When your child comes home with a less-than-stellar report card, the knee-jerk reaction is often to send them to a tutor for extra help.
While one-on-one, in-person tutoring may help a struggling learner understand a single subject or concept a little better, the child may end up facing similar struggles a little farther down the road if the focus of the tutoring sessions was on simply completing assignments rather than learning concepts – and learning how to learn.
Online tutoring services, such as Mentored, seek to improve upon in-person tutoring sessions and make learning more accessible, individualized, and student-driven. In doing so, they don’t simply teach academics – they teach students how to learn, and how to live.
On-the-Go Learning
There’s no arguing the fact that smartphones and mobile devices have become fairly ubiquitous – even when it comes to children and teens. While the initial reaction may be to assume that the only reason these devices exist is to get kids hooked on games and social media, they absolutely can serve a much more productive purpose.
Students in need of tutoring can utilize services like Mentored wherever they go. The positive effects of this accessibility simply cannot be overstated. Because of these tutoring apps, learning is no longer something that only happens within the walls of a classroom; it can happen anywhere, at any time. Students can access lessons, multimedia, and other materials while waiting for a ride, sitting in the lunchroom, or after they get dropped off in the morning.

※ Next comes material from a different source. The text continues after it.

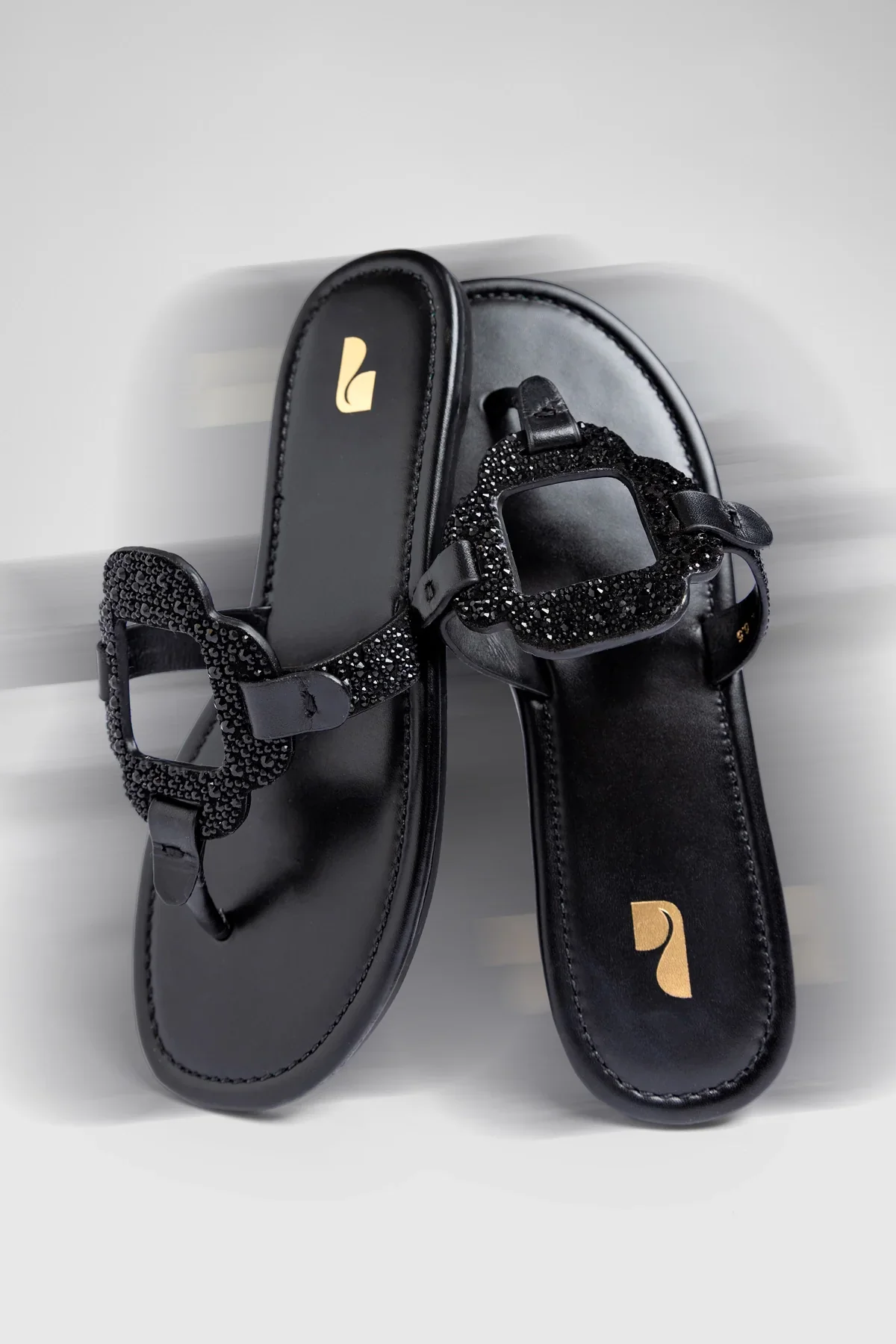 Sandália Flat Margherita Crystal Camurça Preto - Image 2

In-person tutoring works around a fixed schedule – and a time limit. Of course, this means tutors have a finite amount of time in which to (hopefully) get their students up-to-speed with the course material. When utilizing online tutoring services, students can spend as much time as they need reviewing materials, replaying videos, and checking in with their tutors in order to understand a concept they are struggling with.
Lastly, mobile tutoring allows students and tutors from across the country to connect as if they were in the same room. This can benefit families in less-populated areas of the country where professional tutoring centers and services are few and far between. Tutors from services such as Mentored have the opportunity to work with students of many different backgrounds, and in doing so increase their knowledge of how all students learn best.
Individualized Support
In a perfect world, tutors would work to ensure that all tutoring sessions – on and offline – are individualized. Unfortunately, many times tutors simply go through lessons and units in the exact same way with each student they work with.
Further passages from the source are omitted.